A política de descrédito

As autoridades defendem também que o relatório da eurodeputada, que serviu de base para a condenação do Parlamento Europeu, “não apresenta novas vias de sustentabilidade em relação ao conteúdo da campanha que tem sido levada a cabo, ao longo dos anos, através da cruzada do activista político Rafael Marques, mas também através da estratégia liderada pela UNITA que visa apenas a induzir os parlamentares europeus a darem cobertura a um plano diabólico cuja extensão e intenções a maioria destes não compreende”.

Então, o Rafael Marques, sozinho, trava uma “cruzada” contra o presidente e o MPLA ao longo dos anos? Cruzada para quê? É diabólico lutar pelas liberdades de imprensa e de expressão? É mesmo satânico defender os direitos humanos e a democracia? Na lógica do MPLA, sim. Contra esse neo-fundamentalismo aparentemente “religioso” do MPLA, qualquer argumento em contrário pode configurar mais um crime, de blasfémia. Aos parlamentares europeus, o MPLA não sustenta as acusações sobre os “planos diabólicos” contra o seu poder.

Os parlamentares do MPLA acusam ainda Ana Gomes de ser frustrada e de ser movida “por um complexo de inferioridade motivado pelo reconhecimento do impacto positivo nas vidas dos cidadãos, nomeadamente as oportunidades de emprego para os portugueses”.

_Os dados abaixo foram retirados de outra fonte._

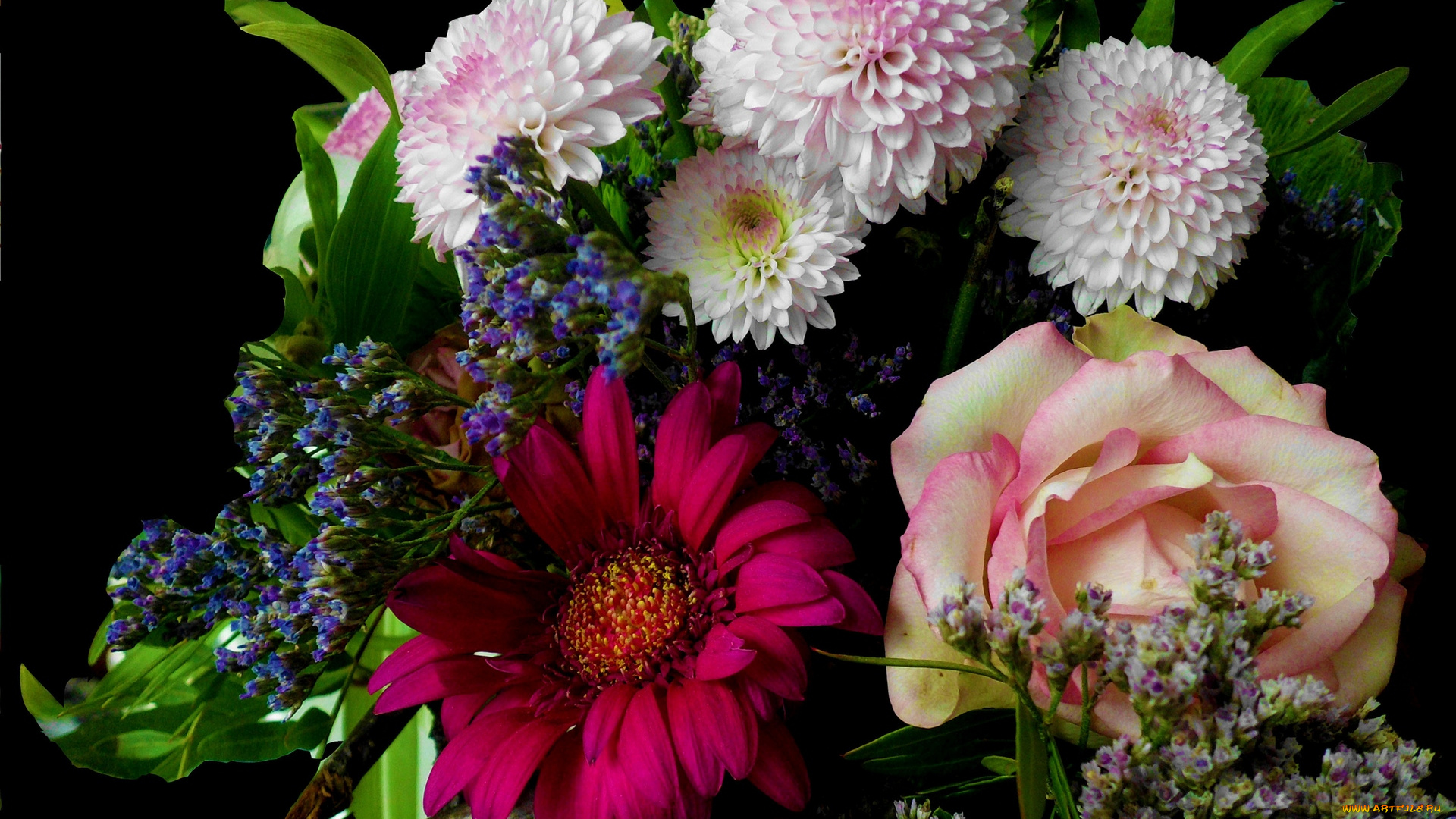 цветы, букеты, , композиции, черный, фон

Abusos de poder mal disfarçados

Nas suas justificações, os representantes do poder angolano descrevem então os casos mais relevantes de violação dos direitos humanos.

Sobre José Marcos Mavungo, limitam-se a referir a sua detenção a 14 de Março passado e a sua condenação a seis anos de prisão por crime de incitação à rebelião. Para demonstrarem que não houve violação alguma, declaram: “Os advogados de defesa anunciaram à imprensa angolana que apresentarão recurso à sentença”.

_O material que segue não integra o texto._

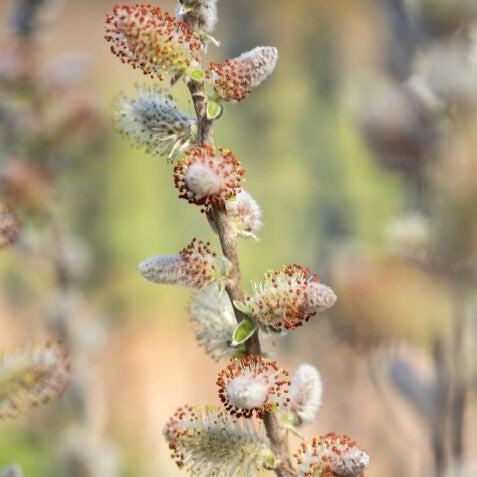 Salix candida 'Jefberg'  - First Editions® Iceberg Alley® Sageleaf Willow - Shipped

Ainda sobre Cabinda, o documento refere também o caso do advogado Arão Tempo, detido no mesmo dia e “acusado de crime de sedição”. Por desconhecimento da data de libertação condicional de Arão Tempo, os parlamentares do MPLA informam o presidente do Parlamento Europeu de que o mesmo foi solto "a X de X de 2015". Não recorreram sequer ao Google para pesquisar a data a nem tiveram saldo para telefonar ao tribunal ou ao governo provincial de Cabinda para confirmarem a data.

Segundo as autoridades angolanas, o caso do cidadão Rafael Marques também é elucidativo. “Foi condenado em primeira instância pelo Tribunal Provincial de Luanda a seis meses de pena suspensa pelo crime de denúncia caluniosa”.

Como prova da ausência de arbitrariedades no processo, os deputados lembram que “o cidadão acima mencionado continua em liberdade enquanto aguarda pela decisão do Tribunal Supremo”. É desnecessário lembrar ao MPLA sobre a legislação que aprovou relativamente à suspensão da aplicação da sentença em sede de recurso. Aqui finge ignorância das leis.

Mentiras caóticas

O documento sublinha ainda que, “dos casos mencionados no livro intitulado Diamantes de Sangue: Tortura e Corrupção em Angola, 198 processos foram abertos, dos quais 115 já foram julgados e os seus autores, para além de serem cidadãos ordinários, são também soldados das Forças Armadas Angolanas, oficiais da Polícia Nacional, funcionários públicos e guardas de empresas privadas de segurança”. Essa informação revela que ou o MPLA mente, ou a Procuradoria-Geral da República mente. Os casos mencionados no livro não foram investigados pela PGR e enviados a tribunal, como faz crer o MPLA.

Quanto ao caso do líder da seita religiosa A Luz do Mundo, José Jolino Kalupeteka, as autoridades reiteram que se registou a morte de nove agentes policiais e apenas 13 seguidores da seita, e que a informação pública sobre o massacre é falsa.

A este respeito, os argumentos contêm uma pérola: “No âmbito das investigações, 103 cidadãos foram detidos, entre os quais o líder da seita, e, durante o processo 85 cidadãos foram libertados enquanto 10 permanecem detidos”. Ora, há aqui um problema aritmético: 103-85=18. Por estas contas, após a libertação dos 85, deviam estar presos 18 membros da seita de Kalupeteka, incluindo o próprio líder. As autoridades afirmam que se encontram detidos apenas 10. O que aconteceu aos oito? Foram mortos, desapareceram, contaram mal os presos? A justificação oficial não cria um problema meramente aritmético, é bem mais grave. Não explica o paradeiro de oito detidos da seita de Kalupeteka.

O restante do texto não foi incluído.